Fun MySQL fact of the day: group commit

We now know that each MySQL thread has its own binary log cache to which it writes the binary log events for a single transaction. We also briefly discussed that MySQL will, upon commit of a transaction, write the thread's binary log cache to the actual binary log file. And we've even discussed that, to improve durability, MySQL may sync the binary log file after each write. This, you see, is where it all gets fun.

Let's begin by imagining an implementation in which each time a transaction commits, the committing thread is responsible for serialising its own binary log cache into the binary log file. Seems simple enough, right? Well, let's think about it: each time a thread needs to write its binary log, it would need to safely acquire a handle to the binary log file. And it would need to ensure that its writes didn't conflict or happen out-of-order with any other writes. And, finally, it needs to sync the binary log file to ensure durability. And, well, that's a simple problem, too, right? We could stick a big, fat lock in the code around the critical section. Problem solved, yea? How well do you suspect this would scale across, say, 1000 concurrent transactions all committing at the same time, all needing to sync to disk? Pretty poorly, I'd say, since that's a lot of contention with necessarily-expensive CPU/memory operations and even more I/O. Maybe, then, you'd be surprised to know this was MySQL's implementation until MySQL 5.6. Fun!

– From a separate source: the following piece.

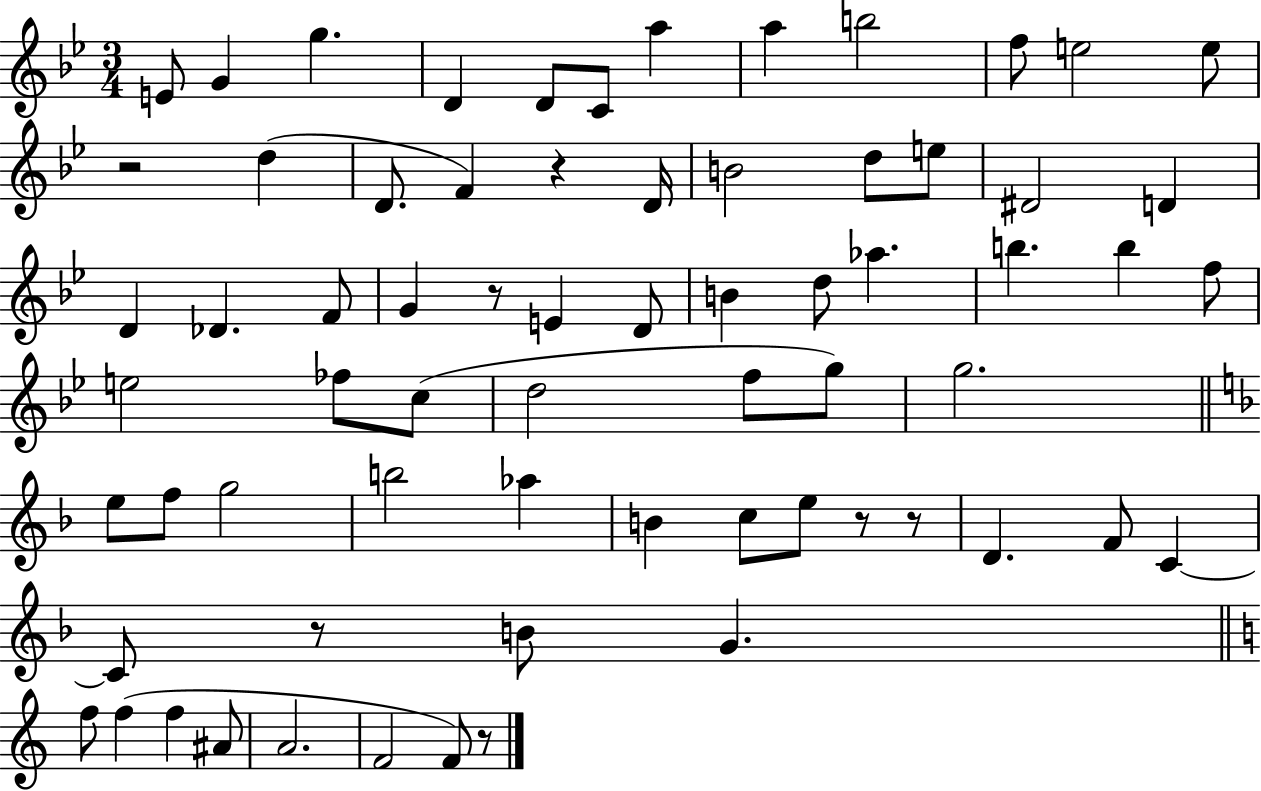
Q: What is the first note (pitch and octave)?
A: E4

In MySQL 5.6 (and in some earlier value-added forks such as Percona Server 5.5.18-23 and MariaDB 5.3), a change called "group commit" was made to the binary log serialization implementation. The main goal of group commits is to reduce the number of disk syncs and lock contention as much as possible. For example, if the same 1000 transactions all commit at the same time, wouldn't it make sense to write all 1000 of the transactions' binary log events at the same time from one thread, syncing the file only 1 time at the end? And that's exactly what group commits try to accomplish.

If we look at the high-level algorithm for a group commit implementation (using the Percona Server 5.5.18-23 implementation as an example), when a transaction commits, the committing thread will attempt to acquire a lock guarding a "group commit queue". When the thread acquires the lock, the thread adds its binary log cache events and then releases the lock right away. Next, the thread will determine if it was the first thread to enqueue its binary log events into the group commit queue, and, if so, the thread will become the self-appointed "group commit leader"; otherwise, the thread will just stop and wait. Patiently. We'll come back to this later, but at this point, no locks are held and no threads are blocked. That's good!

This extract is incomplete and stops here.